How have camera sales changed over the past 60 or 70 years? The chart above offers an interesting look at this question. It shows camera production between 1947 and 2014.
The graph was created by camera marketing guru Heino Hilbig of Mayflower Concepts, who spent years heading up marketing for the likes of Casio and Olympus. It’s based on data from the Japanese organization CIPA (Camera & Imaging Products Association), which reveals that the camera market has been shrinking by double-digit figures each of the past few years after seeing a huge spike in the late 2000s.
The biggest victim of the changing landscape has been compact cameras, which are becoming redundant as smartphone camera quality continues to improve — but it is unclear how much of this drop can directly be attributed to the rise of the smartphone camera.

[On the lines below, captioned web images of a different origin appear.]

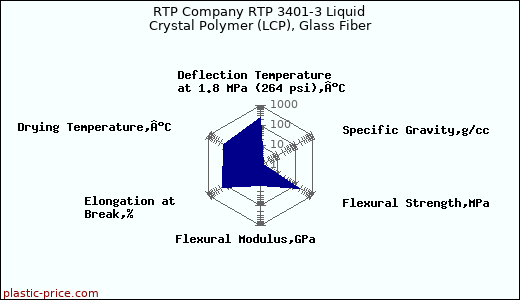 RTP Company RTP 3401-3 Liquid Crystal Polymer (LCP), Glass Fiber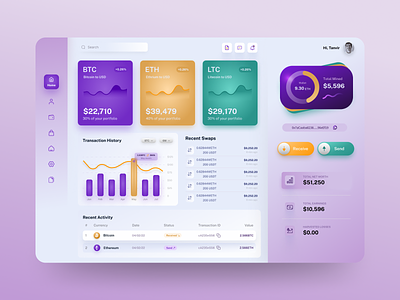 Crypto Wallet Dashboard agency app s design business creative creative design crypto crypto dashboard cryptocurrency dashboard design figma landing page mobile app ui user experience user interface web app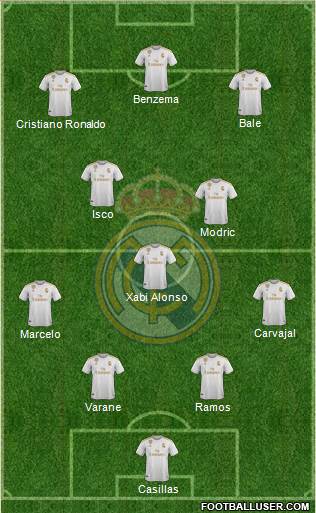 Real Madrid C.F. Formation 2021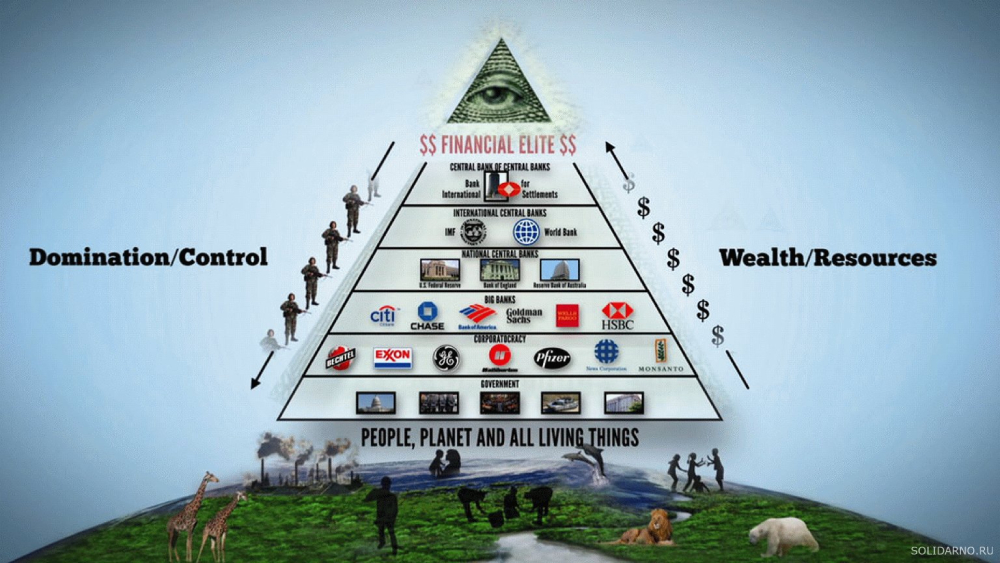 Oligarchy Pyramid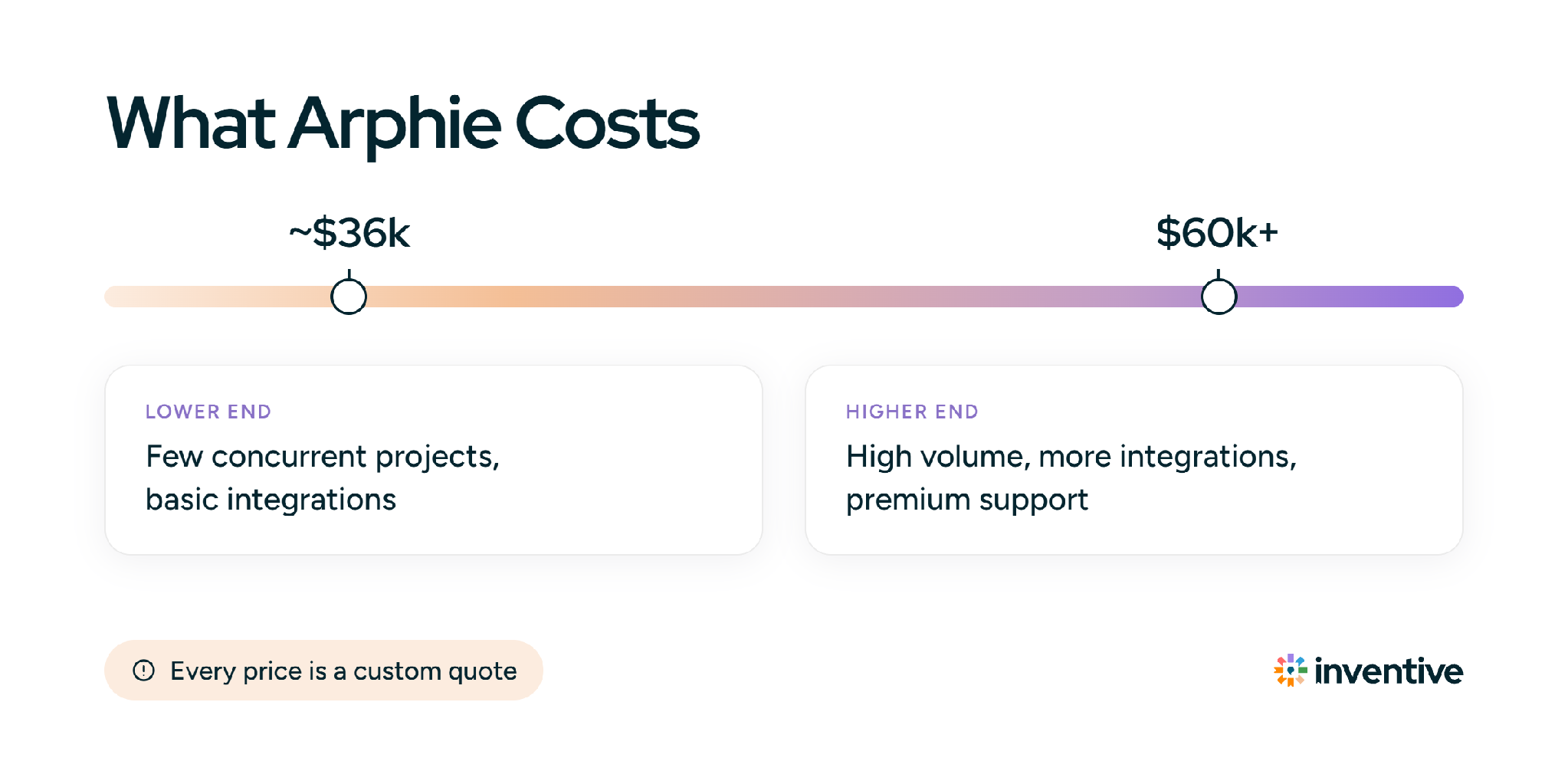 What Arphie Costs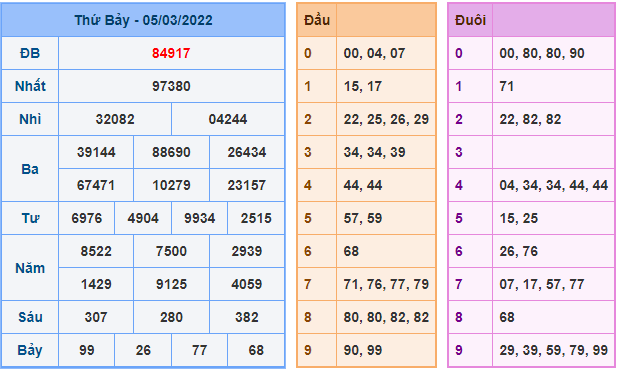 soi cau 247 ngay 6-3-2022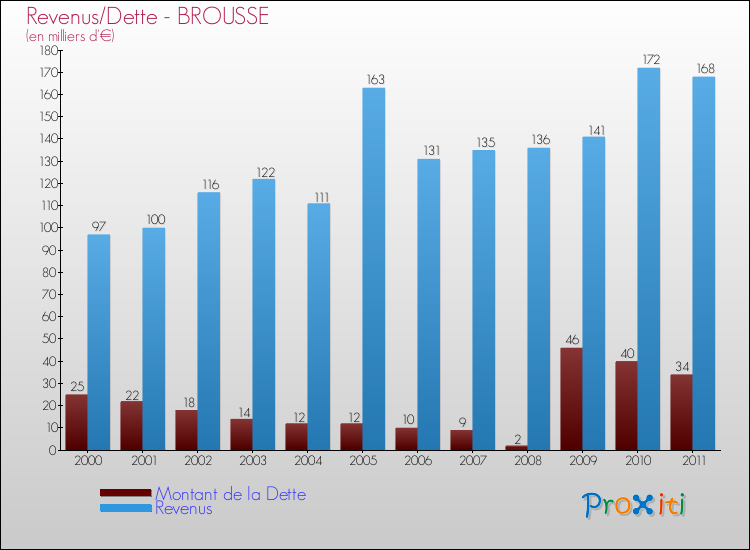 Evolution comparée de la dette et des revenus pour la commune de BROUSSE de 2000 à 2011 Comparaison de la dette et des revenus pour BROUSSE de 2000 à 2011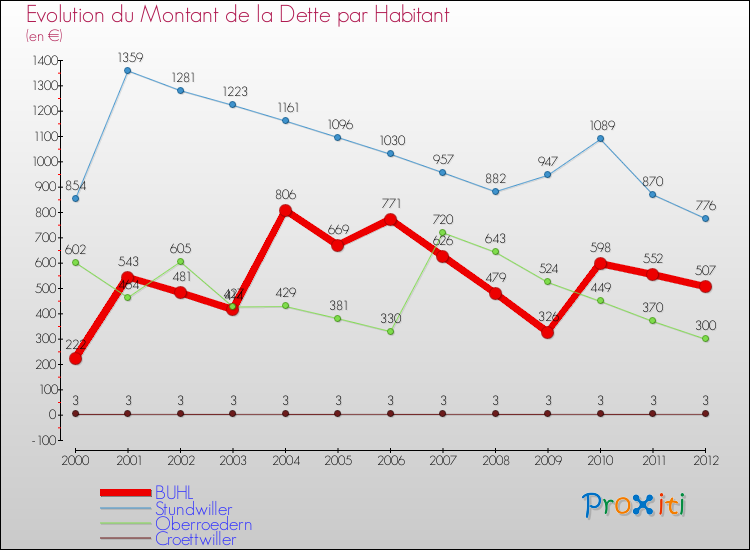 Evolution de la dette par habitant pour la commune de BUHL et les communes proches de 2000 à 2012 Comparaison de la dette par habitant pour BUHL et les communes voisines de 2000 à 2012
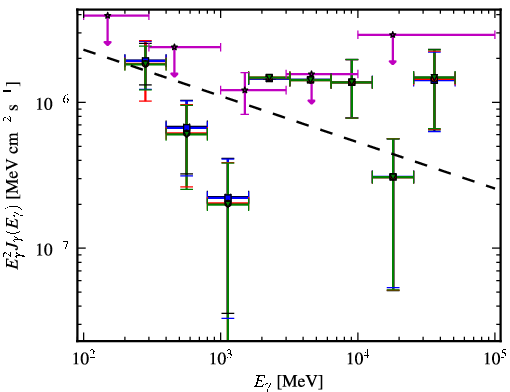 Spectra for 1FGL_J0557.6-3831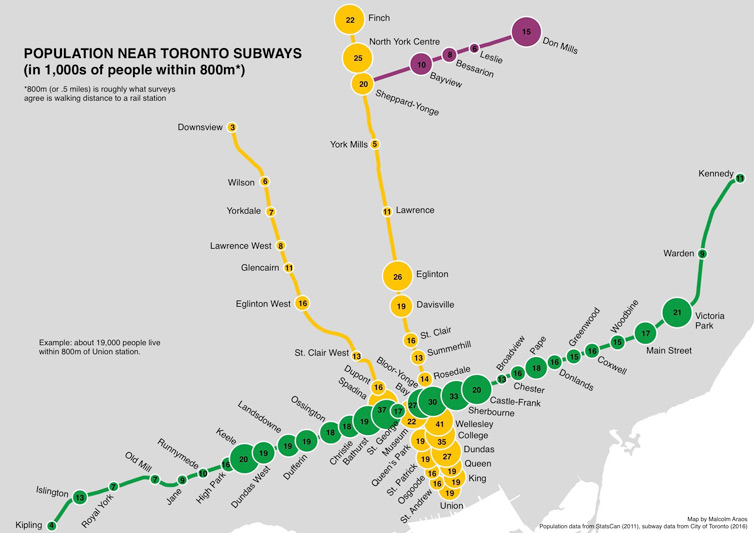 population-near-toronto-subways-1.jpg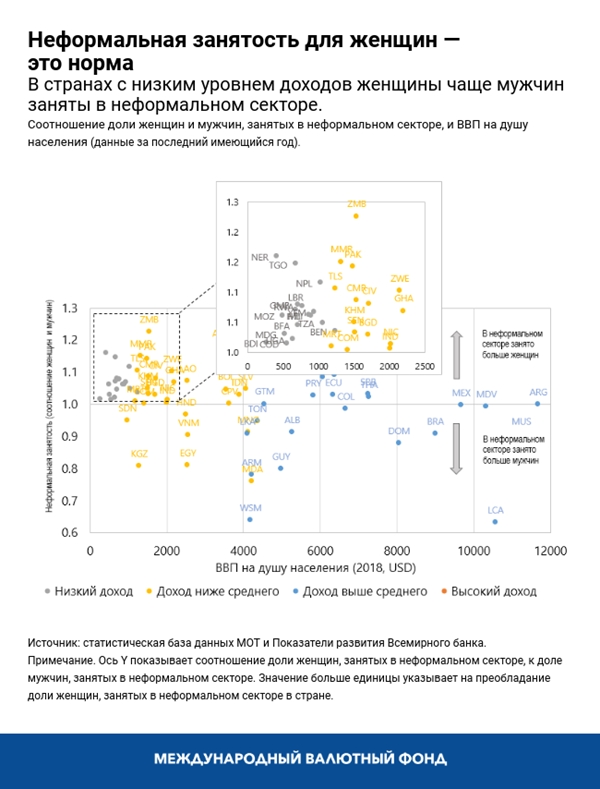 blog072120-russian-chart2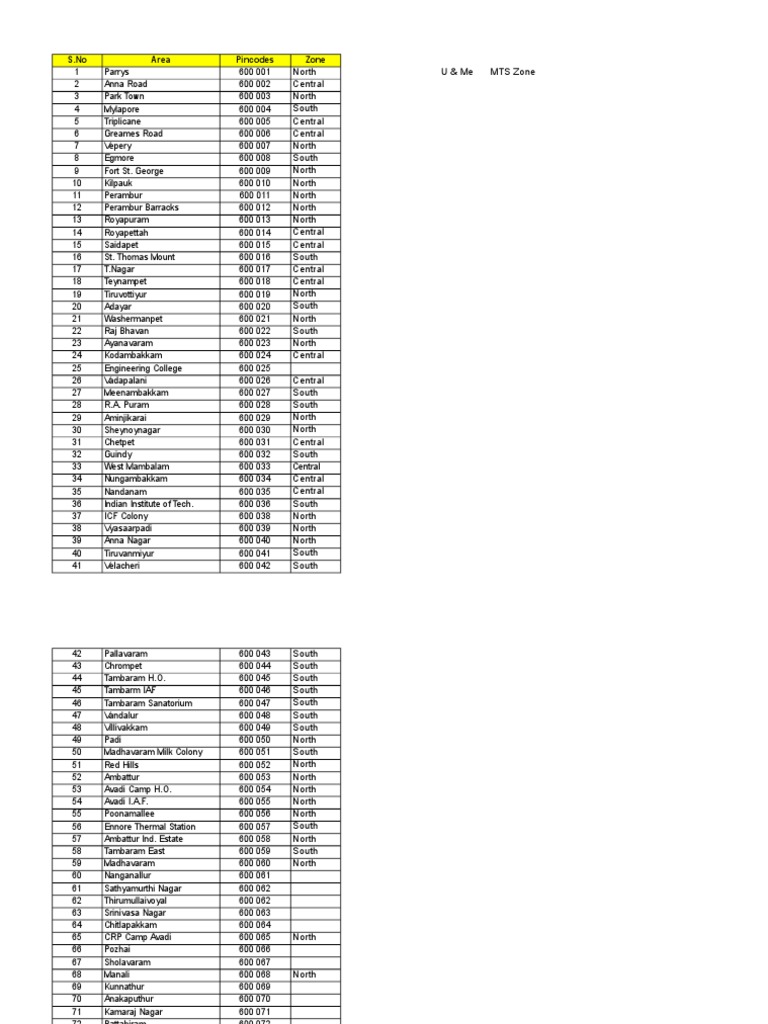 Pincode zones and areas of Chennai city PDF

DSLR and mirrorless cameras haven’t been affected as much, but they’re definitely not helping the overall trend for cameras in general. Total sales are roughly at levels they were a decade ago.
Update: An earlier version of this post attributed the plummet of camera sales in recent years directly to the rise of smartphones. As readers have pointed out, how much of an impact smartphones have had is currently unknown.
Earlier this month, Hilbig gave an interview in which he stated that “there is no correlation between smartphone growth and camera [market] shrinking. You can prove that.” Other reports and studies seem to contradict that statement.